GOVERNMENT misled the nation when it announced that a “British beef giant” Boustead Private Limited would pump US$130 million towards revival of the Cold Storage Company (CSC).
Nkululeko Sibanda/Cloudine Matola/Tinashe Kairiza
Last month, Information, Publicity and Broadcasting Services minister Monica Mutsvangwa said during a post-cabinet press briefing that: “Cabinet was informed by Finance and Economic Development minister Professor Mthuli Ncube that the CSC is to be revitalised through a concession agreement under Rehabilitate, Operate and Transfer terms.
Boustead would raise and invest a minimum of US$130 million into CSC over five years.”
It has, however, emerged the purported beef processing behemoth is only an agriculture start-up company with a small balance sheet.
The government announced last month that the firm, would assume control over moribund meat processing parastatal facilities for 25 years, in the multi-million-dollar deal.
However, checks have shown government misled the public on the CSC deal. Boustead (Pvt) Ltd is not a UK company.
Boustead (Pvt) Ltd is a local start-up owned by Nick Havercroft and only commenced operations in 2013. The local firm operates under registration number 4852/2013 as recorded by the Companies Registry.
In the UK, there is Boustead Agriculture, registered under number 08154075 and is domiciled at 78-80 St John Street, London, England, EC1M 4JN. It was only set up by Boustead (Pvt) Ltd founders to raise money for the CSC deal.
According to details filed at the Companies House gleaned by the Zimbabwe Independent, Boustead (Pvt) Ltd, whose interest is “growing of vegetables and melons, roots and tubers and mixed farming”, has a paltry £10 000 (US$12 674) in its books of accounts, raising doubt around its capability to mobilise millions of dollars required to resuscitate the debt ridden meat processing state enterprise.
As recorded by the Companies House, Boustead (Pvt) Ltd only had a capital net worth of US$12 674 from 2013 to 2016 with Nicholas Havercroft, Gavin Havercroft, Nicholas Lee and Harald Torbjorn Gabriel Jakob Kinde registered as active directors.
In an interview with the Independent, Havercroft declined to disclose the identity of his funders set to inject fresh capital into CSC, despite government’s claims that the investors are cash-rich and were waiting in the wings to pump over US$100 million into the embattled parastatal.
“I am unable to share with you and your readers these investors.
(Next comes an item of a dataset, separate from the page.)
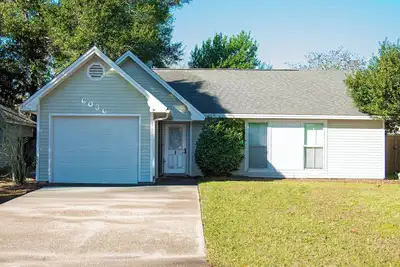 Image de 15-Minute Beach Hideaway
I have reason why I cannot do that. It has taken me about 20 years to build my base of investors and I need to protect them,” Havecroft told the Independent last week. “Government officials seized with this matter know the investors and who they are. If I dare say who these investors are, I know there would be problems of people bombarding them with e-mails and phone calls asking them to consider two-page proposals. I will not be at such liberty to reveal those investors at the moment.”
However, at the time of going to print, the shareholding structure as recorded by the Companies House remained unchanged, with the Havercrofts holding a controlling stake in the entity. Havercroft, a British national, holds “over 25% shareholding in the firm but not more than 50% shares”, details filed by the Companies House read.
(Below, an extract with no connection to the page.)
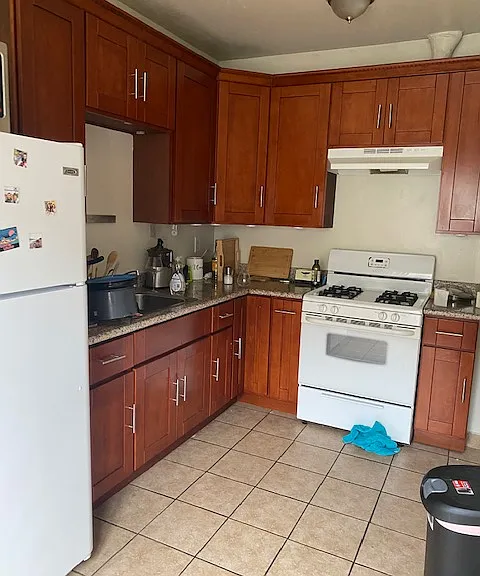1818 Walnut St #4 — Photo 3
As a strategy to raise fresh capital to revive CSC, Havercroft said his firm had decided to register in the UK to avoid Zimbabwe’s hostile investment climate.
“For us to be able to raise money for CSC, we set up the company, Boustead Agriculture in the United Kingdom. We opened bank accounts and had operating addresses there. It was not going to be easy to raise money when we were operating in Zimbabwe given the country perception that investors have on Zimbabwe and its state of affairs,” he said.
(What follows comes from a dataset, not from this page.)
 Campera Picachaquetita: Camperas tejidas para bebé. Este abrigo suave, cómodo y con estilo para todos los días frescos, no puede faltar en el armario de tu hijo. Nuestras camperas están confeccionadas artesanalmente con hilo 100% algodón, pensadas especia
Under the deal as spelt out by government, Boustead would assume control over the ranches and meat processing facilities run by CSC spread across the country.
The fledgling enterprise will also take over and manage CSC’s distribution centres and residential properties in Harare, Gweru and Mutare for the same period.
In the past, government has announced that it has secured multi-billion dollar investment deals under the mantra ‘Zimbabwe is open for business’ which to date have not yielded fruit.
In April 2018, the Independent exclusively revealed a dodgy deal were President Emmerson Mnangagwa parcelled vast platinum claims to his associate Lucas Pourolis through his Karo Resources investment vehicle to set up a refinery plant in a deal government said was worth US$4,2 billion with potential to create over 100 000 jobs.
However, Bobby Morse a senior partner at Tharisa Plc, a sister company of Karo Resources, during an interview with the Independent dismissed the US$4,2 billion figure, saying the investment amount was plucked from thin air by government.
In June last year, Mnangagwa’s administration also announced another controversial US$5,2 billion projects with South African outfit Nkosikhona Holdings to transform coal into fuel in the Zambezi Basin. Nothing has yet materialised under the so called multi-billion-dollar deal, just like many other similar deals.